Task item: What needs reproducing is the run of lines in the data below starting at the line with "Yellow Low Cut" and ending at the line with "Chloe Leather Color", both ends included. Copy it exactly, without pictures, and add nothing.

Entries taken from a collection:
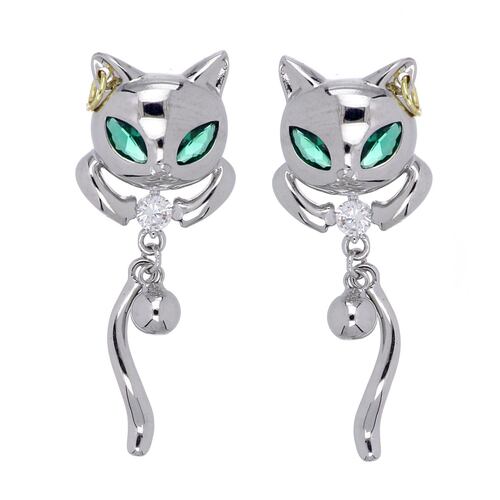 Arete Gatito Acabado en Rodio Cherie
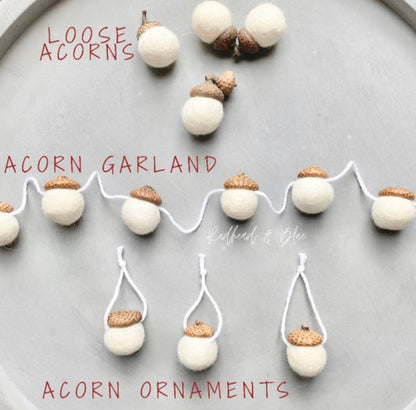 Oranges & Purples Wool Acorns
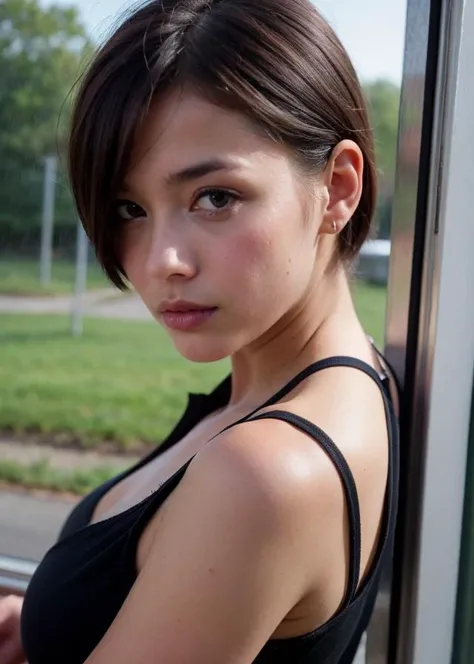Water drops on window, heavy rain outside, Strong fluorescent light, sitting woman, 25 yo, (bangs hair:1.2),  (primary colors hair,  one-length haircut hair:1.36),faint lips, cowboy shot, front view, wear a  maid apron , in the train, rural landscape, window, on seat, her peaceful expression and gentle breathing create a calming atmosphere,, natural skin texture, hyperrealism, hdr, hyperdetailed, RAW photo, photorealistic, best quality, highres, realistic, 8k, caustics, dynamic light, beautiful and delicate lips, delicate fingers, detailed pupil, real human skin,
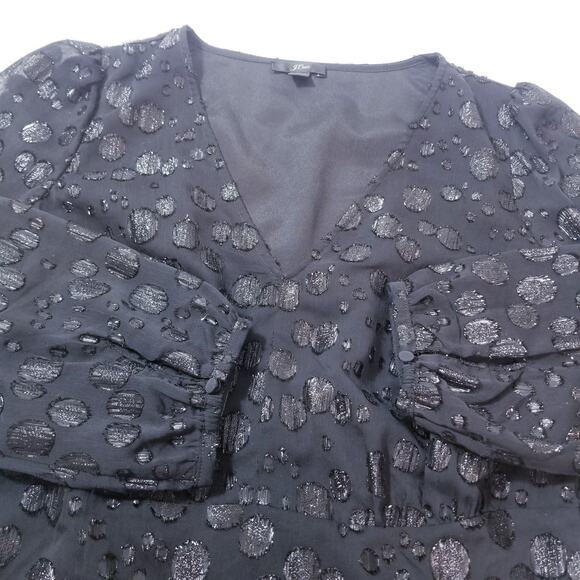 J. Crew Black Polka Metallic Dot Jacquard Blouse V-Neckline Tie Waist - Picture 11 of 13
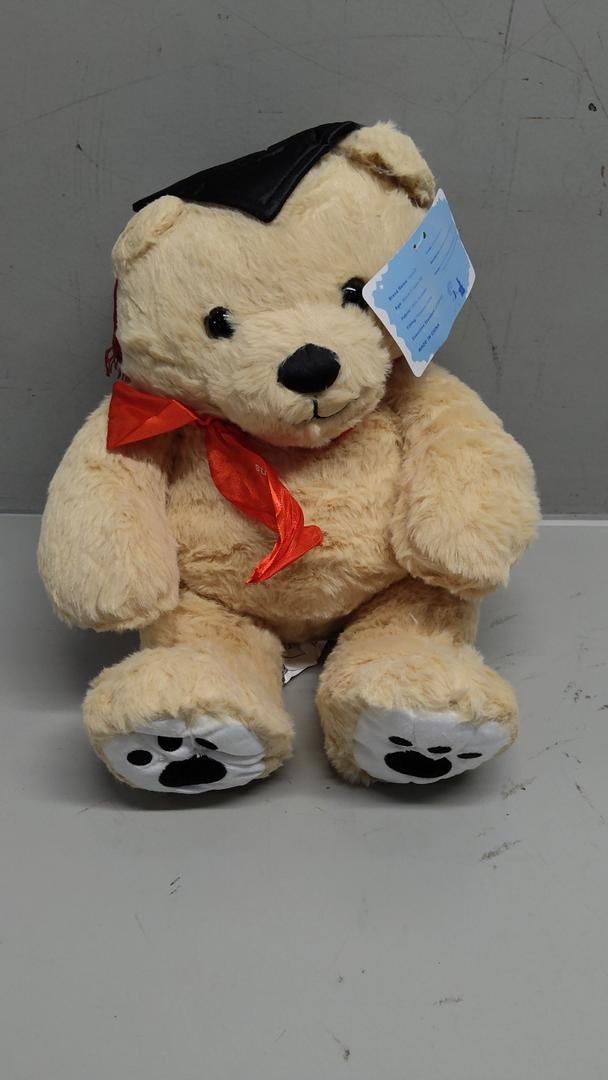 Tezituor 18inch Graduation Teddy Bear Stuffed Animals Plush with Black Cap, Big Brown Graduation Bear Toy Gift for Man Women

* * *

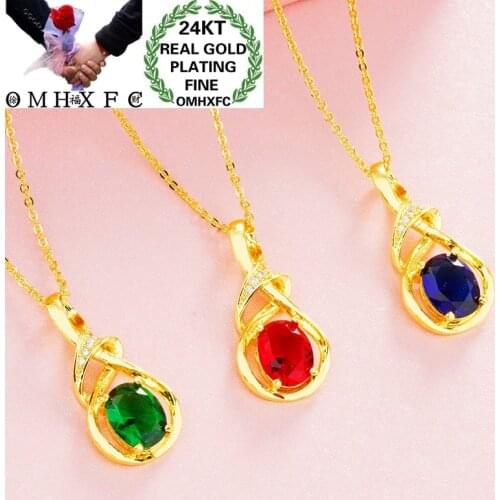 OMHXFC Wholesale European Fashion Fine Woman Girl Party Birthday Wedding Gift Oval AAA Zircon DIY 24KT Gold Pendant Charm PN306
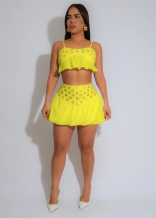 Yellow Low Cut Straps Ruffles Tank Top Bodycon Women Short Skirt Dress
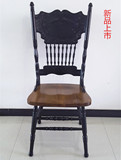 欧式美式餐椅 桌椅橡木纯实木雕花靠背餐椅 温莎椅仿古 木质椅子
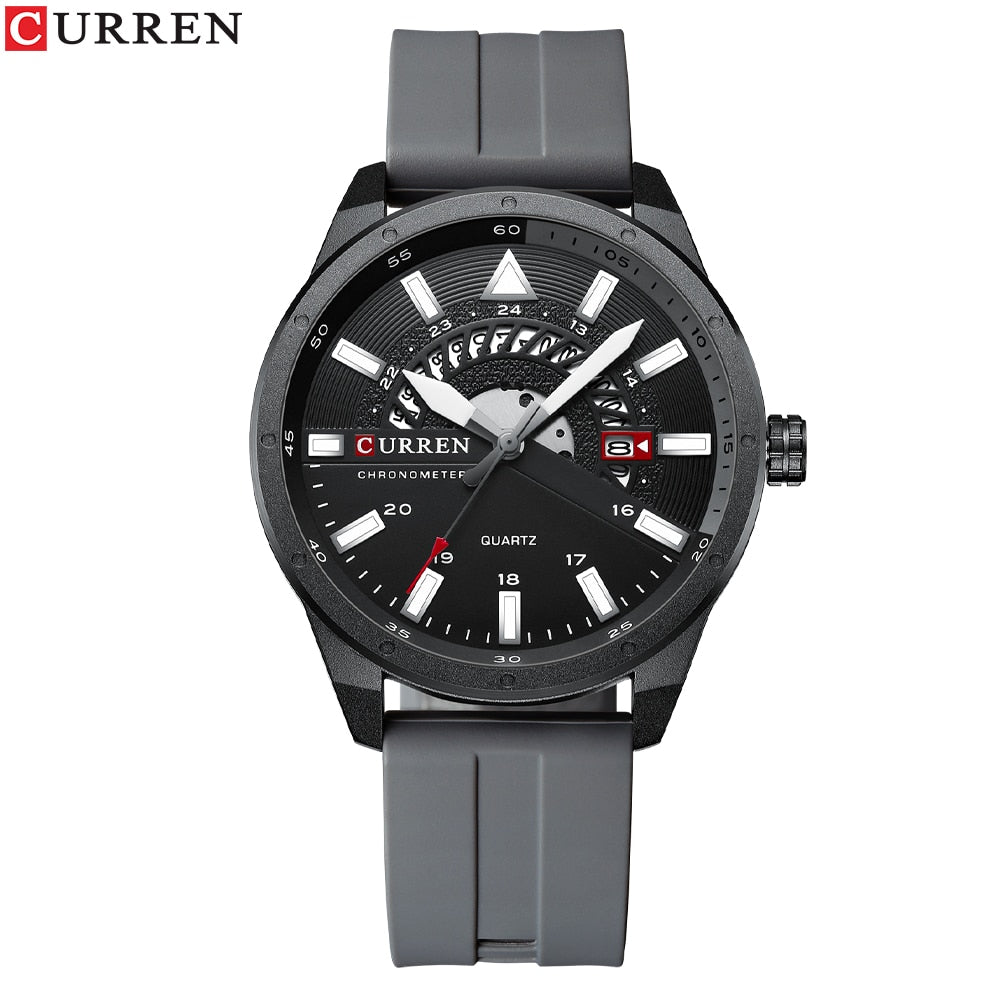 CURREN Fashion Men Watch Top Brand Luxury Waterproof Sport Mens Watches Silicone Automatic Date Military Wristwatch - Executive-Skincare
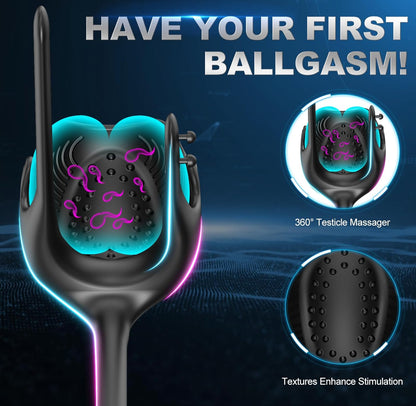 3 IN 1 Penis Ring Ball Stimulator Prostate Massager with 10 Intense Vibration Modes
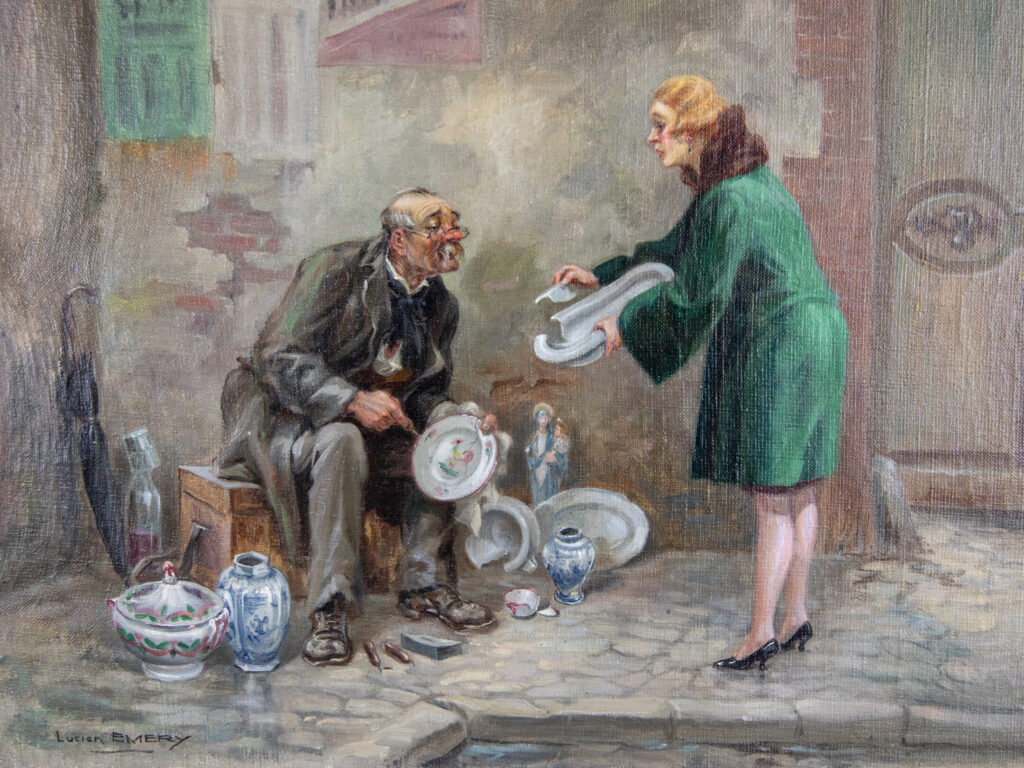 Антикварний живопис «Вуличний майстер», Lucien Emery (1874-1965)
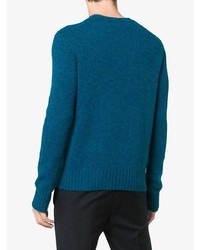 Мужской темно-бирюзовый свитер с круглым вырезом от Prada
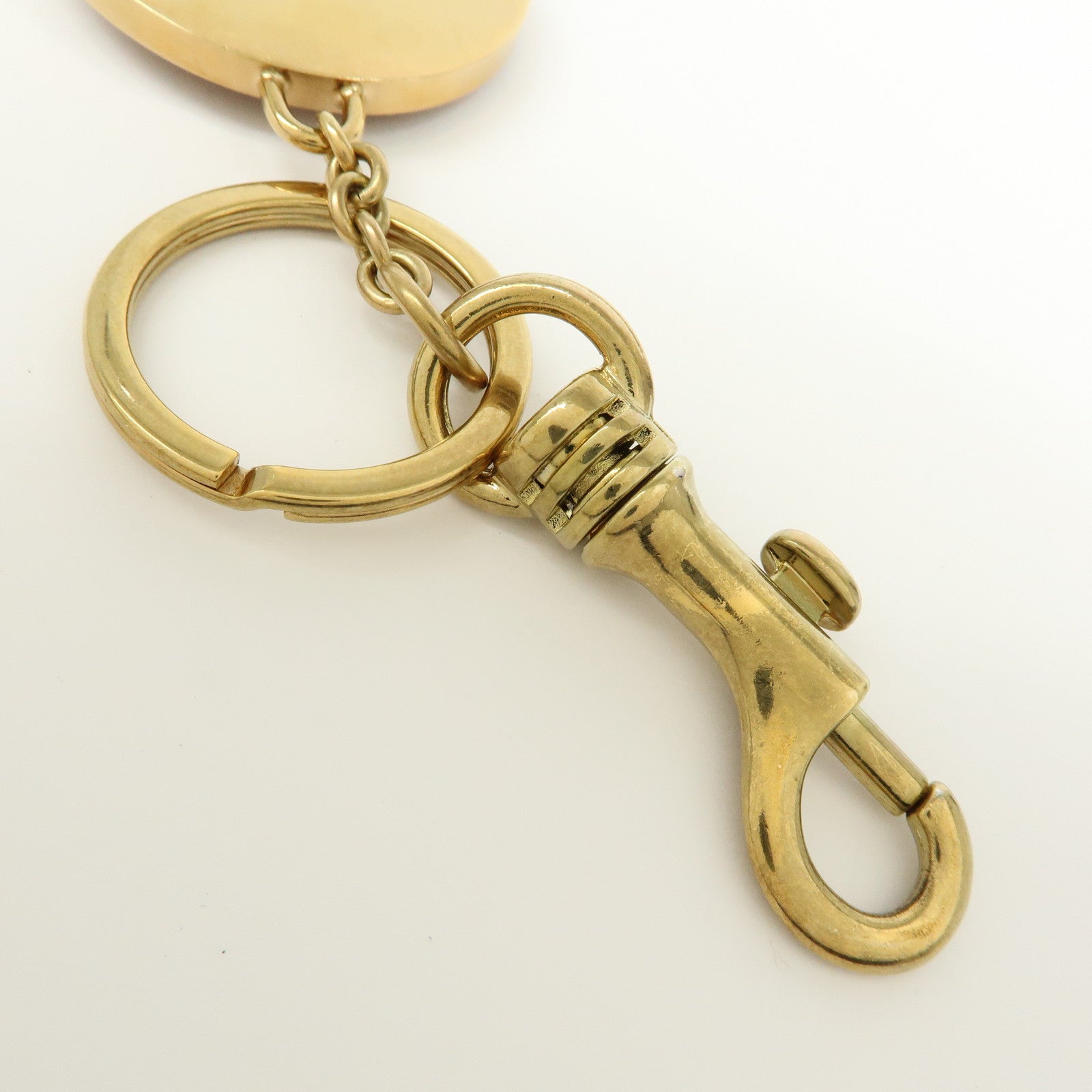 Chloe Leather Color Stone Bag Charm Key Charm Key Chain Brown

Result of the task:
 Yellow Low Cut Straps Ruffles Tank Top Bodycon Women Short Skirt Dress
 欧式美式餐椅 桌椅橡木纯实木雕花靠背餐椅 温莎椅仿古 木质椅子
 CURREN Fashion Men Watch Top Brand Luxury Waterproof Sport Mens Watches Silicone Automatic Date Military Wristwatch - Executive-Skincare
 3 IN 1 Penis Ring Ball Stimulator Prostate Massager with 10 Intense Vibration Modes
 Антикварний живопис «Вуличний майстер», Lucien Emery (1874-1965)
 Мужской темно-бирюзовый свитер с круглым вырезом от Prada
 Chloe Leather Color Stone Bag Charm Key Charm Key Chain Brown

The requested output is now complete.